> _ACTIVITY_: Output exactly the lines from the line that has "Abbie is a proper" through the last line of the data below, with no pictures.

Segment Start: COLLECTED DATA

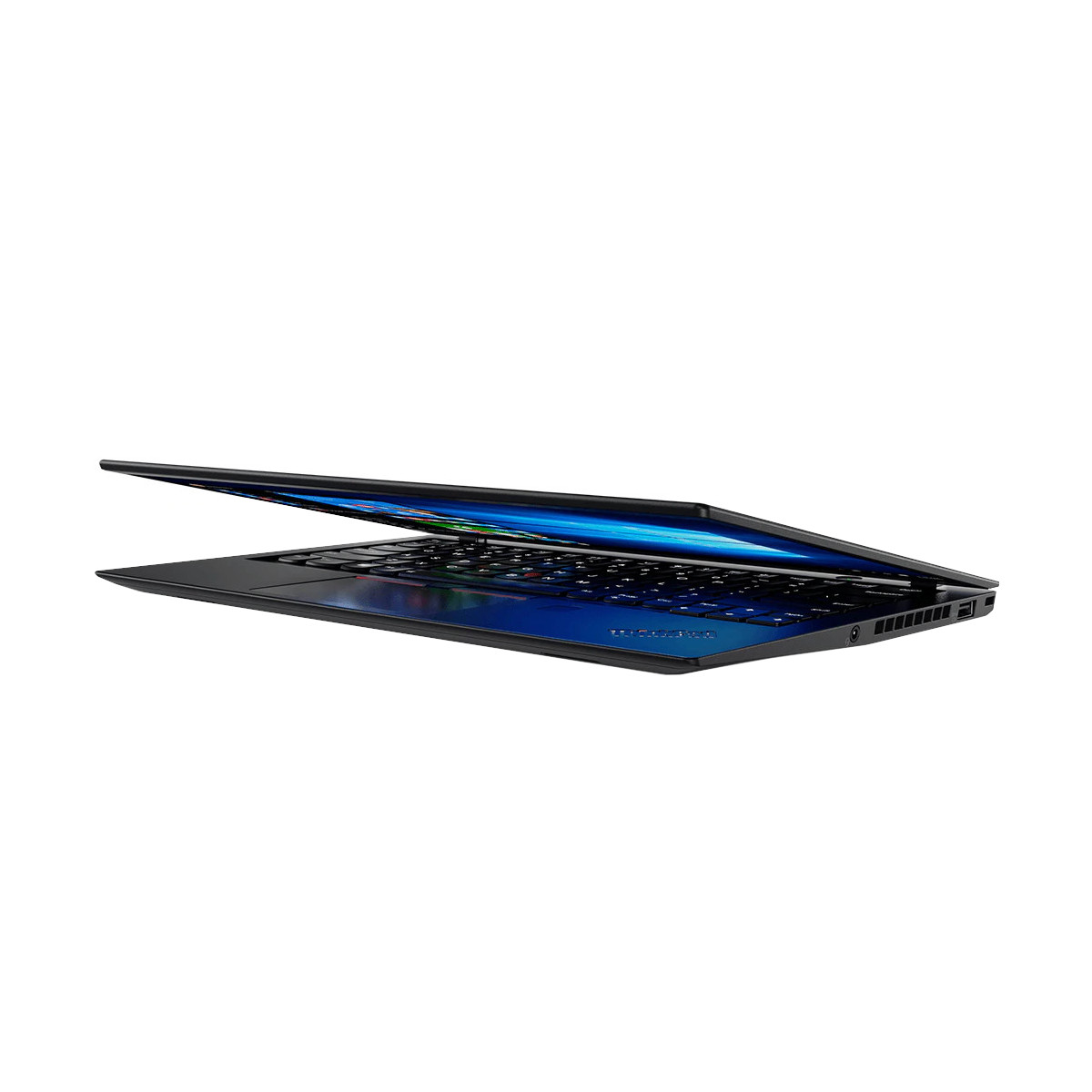 Ein geöffneter schwarzer Laptop mit beleuchteter Tastatur auf weißem Hintergrund.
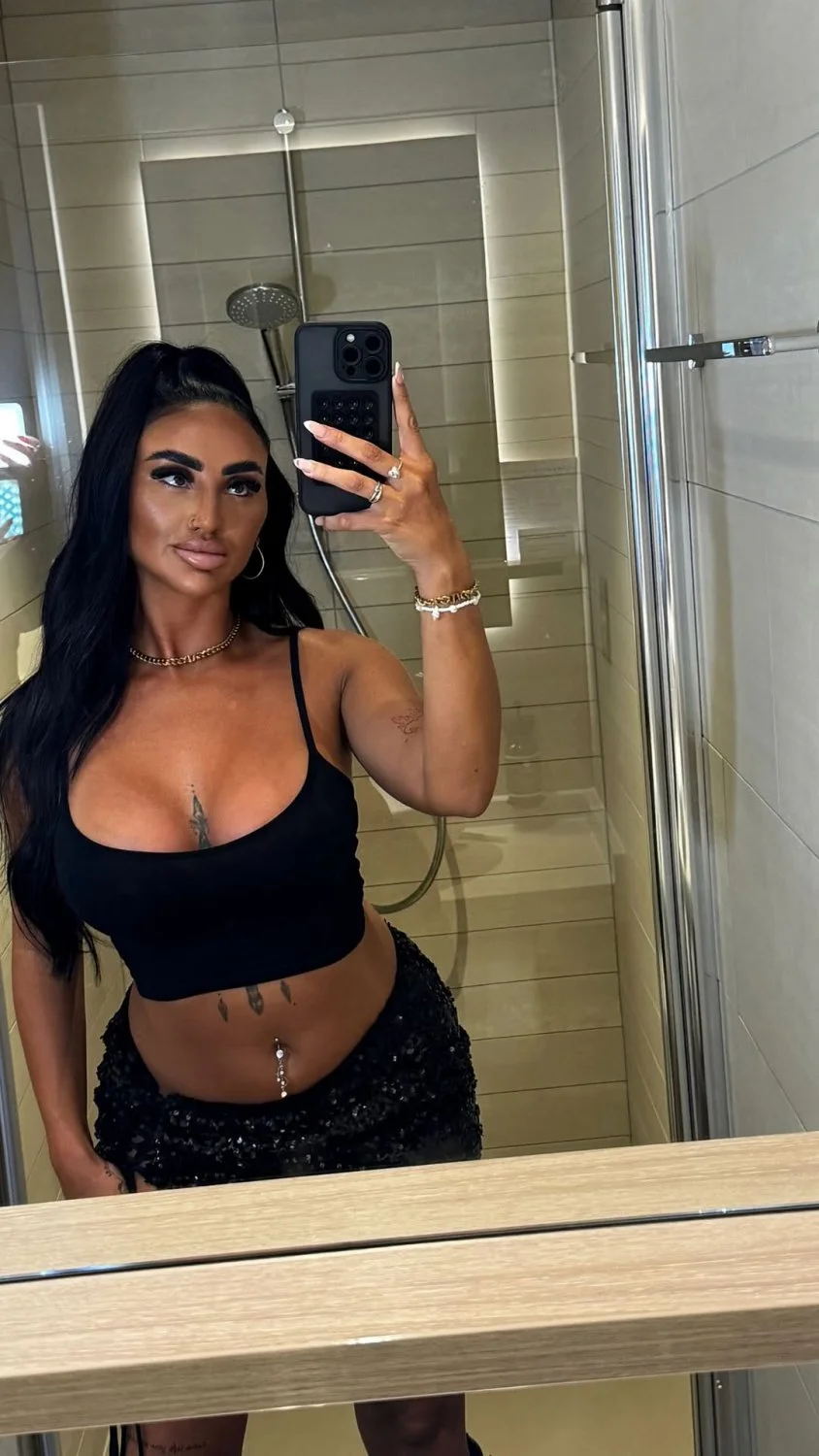 Abbie is a proper bimbo slut chav uk dsl fake titts pawg image 3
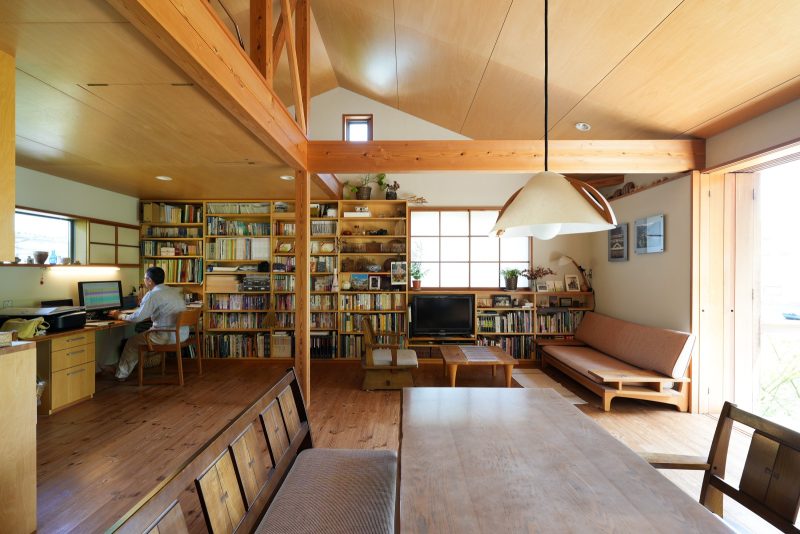 傾斜天井と大きな本棚が印象的です。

Segment End: COLLECTED DATA

> _THE ANSWER_:
 Abbie is a proper bimbo slut chav uk dsl fake titts pawg image 3
 傾斜天井と大きな本棚が印象的です。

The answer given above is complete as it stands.